Start of Block
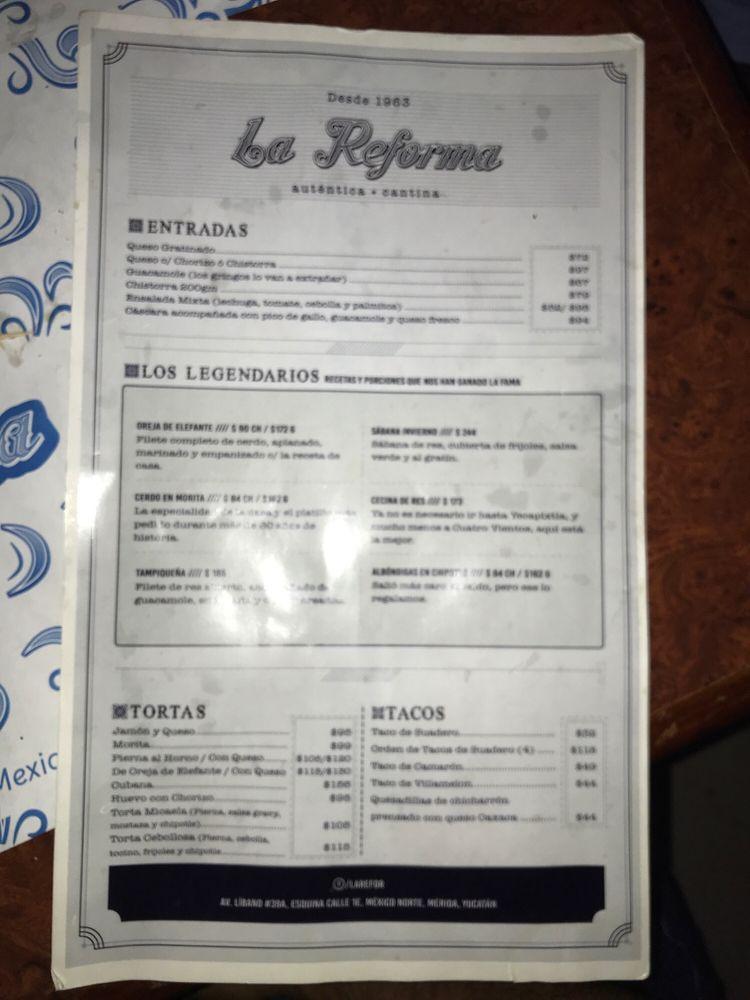 Menu at La Reforma Auténtica Cantina pub & bar, Merida, Avenida Libano 39A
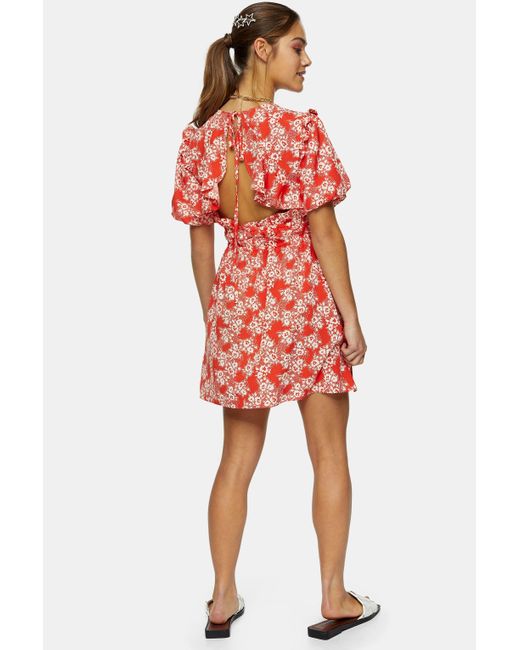 petite red floral dress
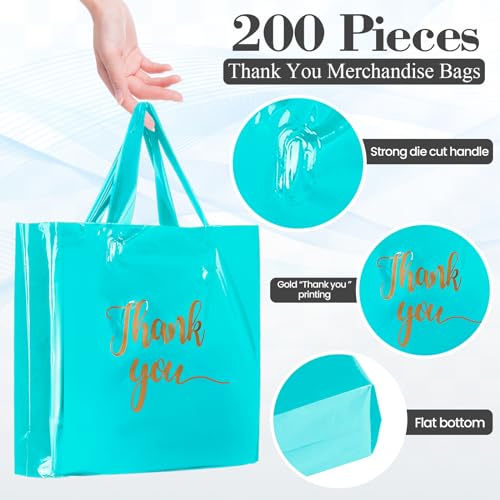 Teling 200 Pcs Thank You Shopping Bags with Handle,Sky Blue - color: Sky Blue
End of Block
Give the listing again exactly, excluding pictures.

 Menu at La Reforma Auténtica Cantina pub & bar, Merida, Avenida Libano 39A
 petite red floral dress
 Teling 200 Pcs Thank You Shopping Bags with Handle,Sky Blue - color: Sky Blue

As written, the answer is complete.